**YOUR GOAL:**
With pictures omitted, the line containing "Consultation avec le" and all later lines of the records below are to be restated word for word.

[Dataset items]
◆ ◆ ◆ ◆ ◆

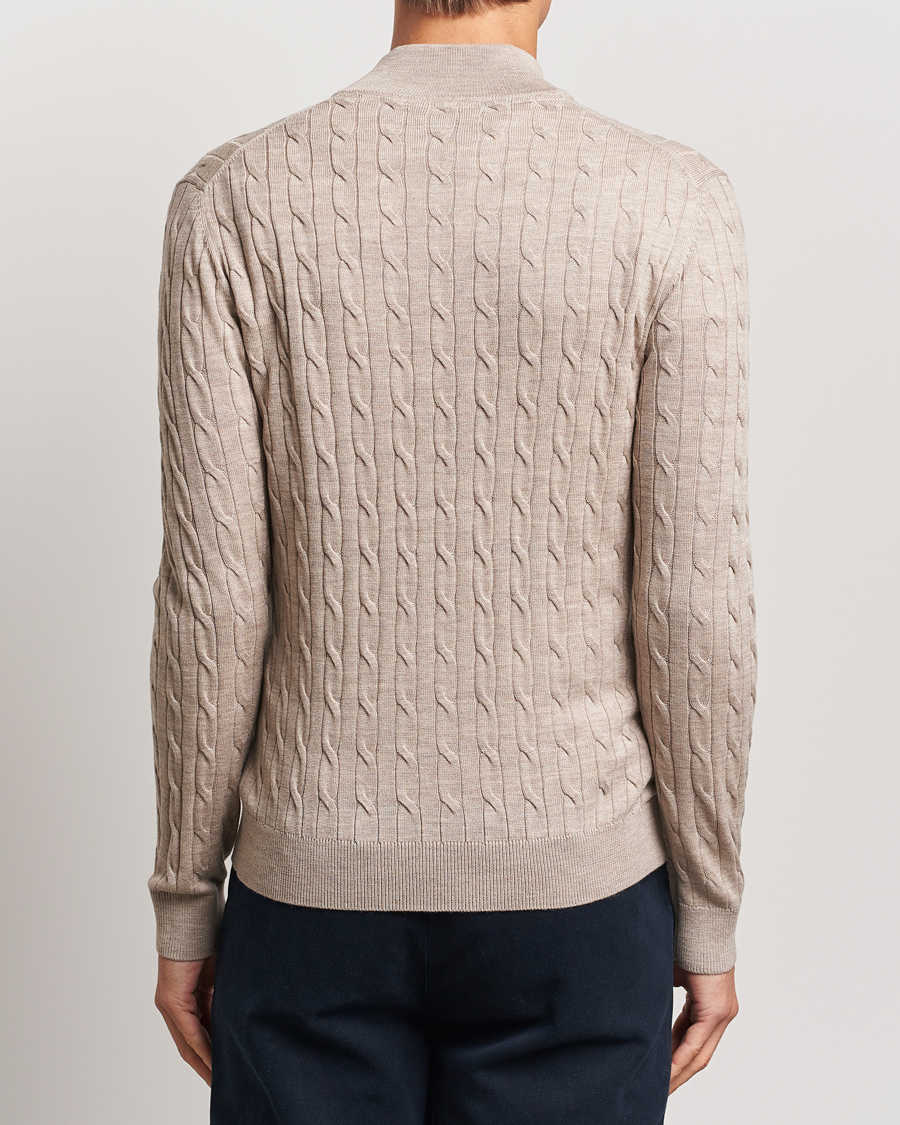 Mies | Puserot | Morris | Merino Cable Half Zip Khaki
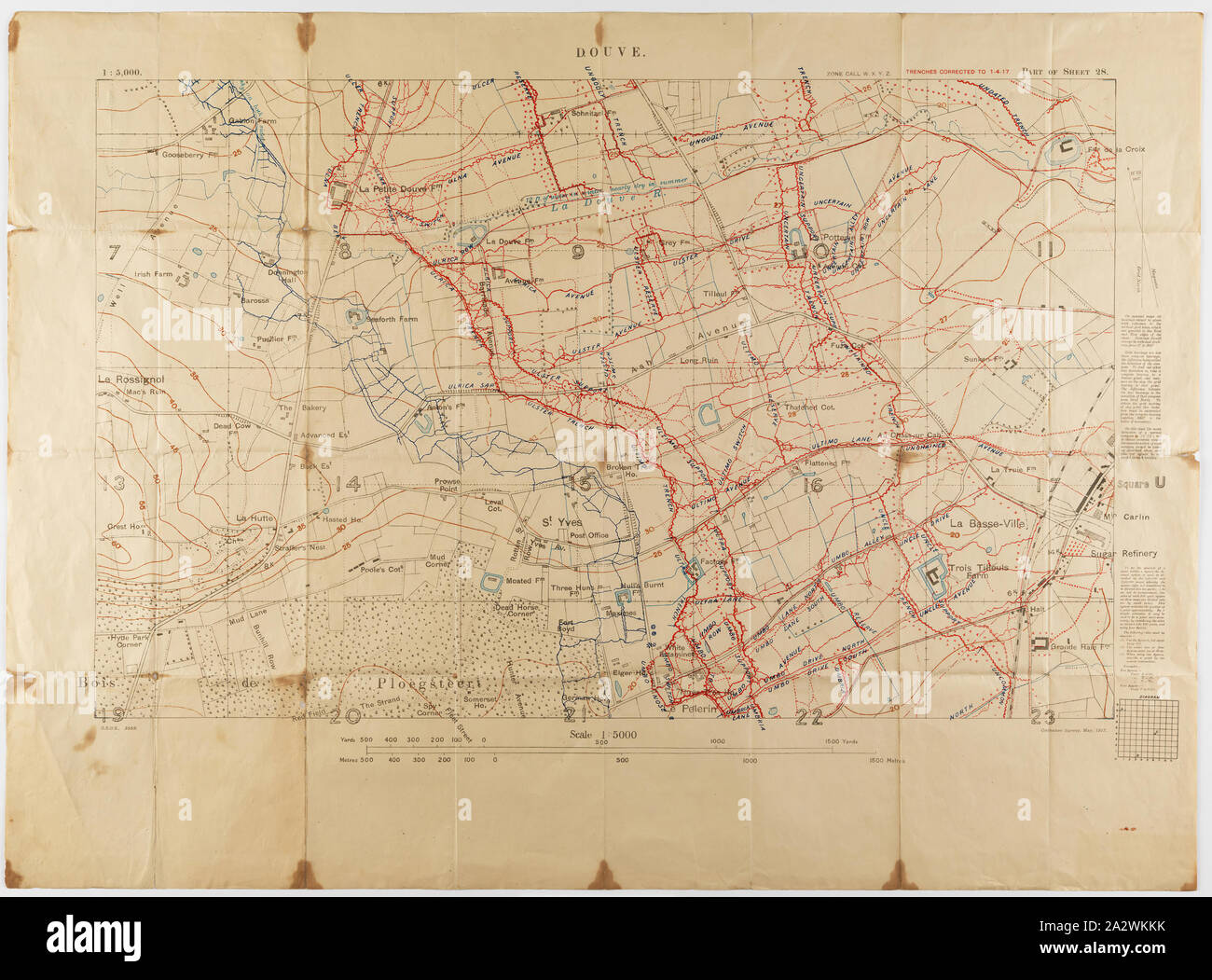 Map - Military, Trench, France, Douve, Sheet 28, Scale 1:5,000, World War I, May 1917, Alternative Name(s): Military Map Ordnance Survey trench map, Douve, France, World War I, dated May 1917. Part of sheet 28. Scale 1:5,000. Trenches corrected to 1:4:17. Used by Captain Morris Lewis during World War I, the map is inscribed 'M. Lewis. Lieut.' Captain Morris Lewis, 44th Battalion, Third Division, First AIF, was born in Wales in 1892 of Jewish heritage. He was a 23-year-old tailor Stock Photo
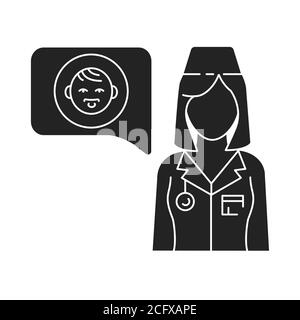 Consultation avec le médecin icône de glyphe noir. Communication avec le patient au sujet de la santé enfant. Pictogramme pour page Web, application mobile, Promo. Illustration de Vecteur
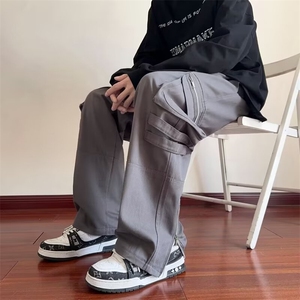 工装休闲裤男士韩版潮流高街帅口袋百搭2024夏季ins长裤K5229-P48图片
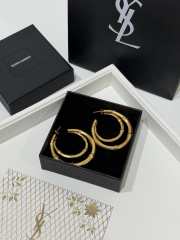 Uubags YSL cbamboo double-hoop earrings in metal light patinated gold - 3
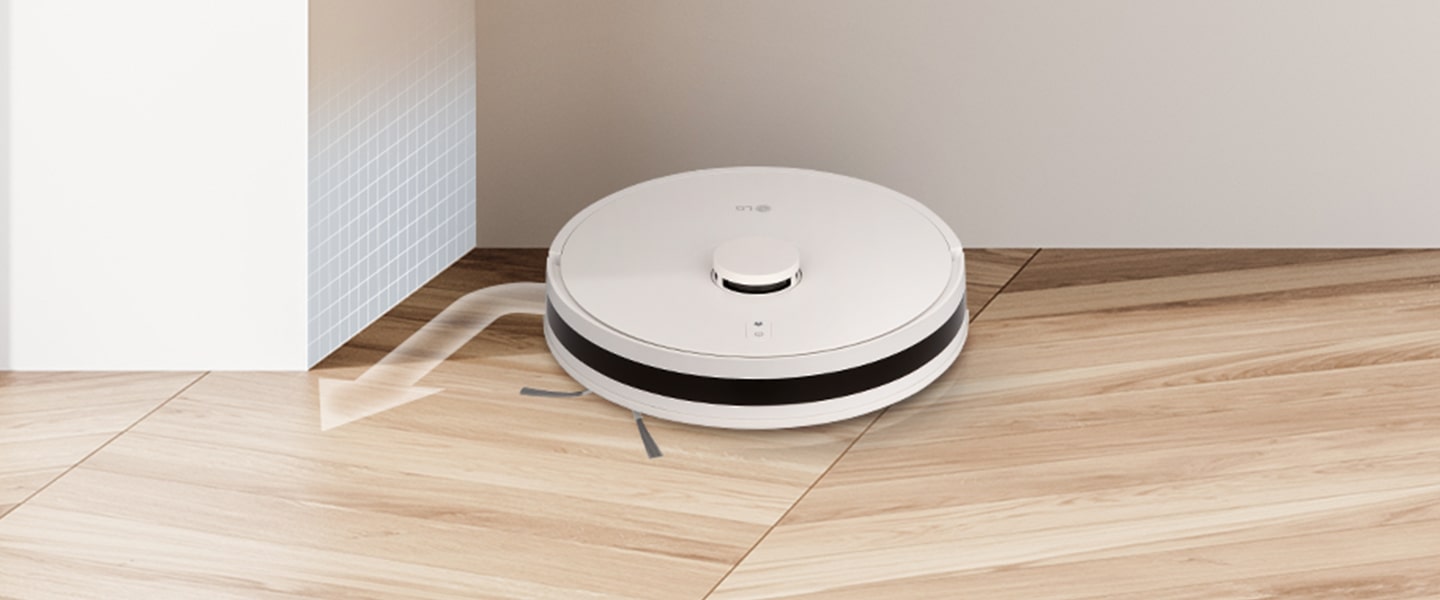 Robot vacuum sensor detects and avoids collision with the wall before impact.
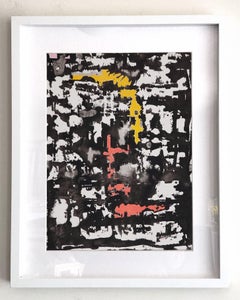 Hanabi. 26 White framed abstract painting, Painting, Acrylic on Paper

◆ ◆ ◆ ◆ ◆

**ANSWER BOX:**
 Consultation avec le médecin icône de glyphe noir. Communication avec le patient au sujet de la santé enfant. Pictogramme pour page Web, application mobile, Promo. Illustration de Vecteur
 工装休闲裤男士韩版潮流高街帅口袋百搭2024夏季ins长裤K5229-P48图片
 Uubags YSL cbamboo double-hoop earrings in metal light patinated gold - 3
 Robot vacuum sensor detects and avoids collision with the wall before impact.
 Hanabi. 26 White framed abstract painting, Painting, Acrylic on Paper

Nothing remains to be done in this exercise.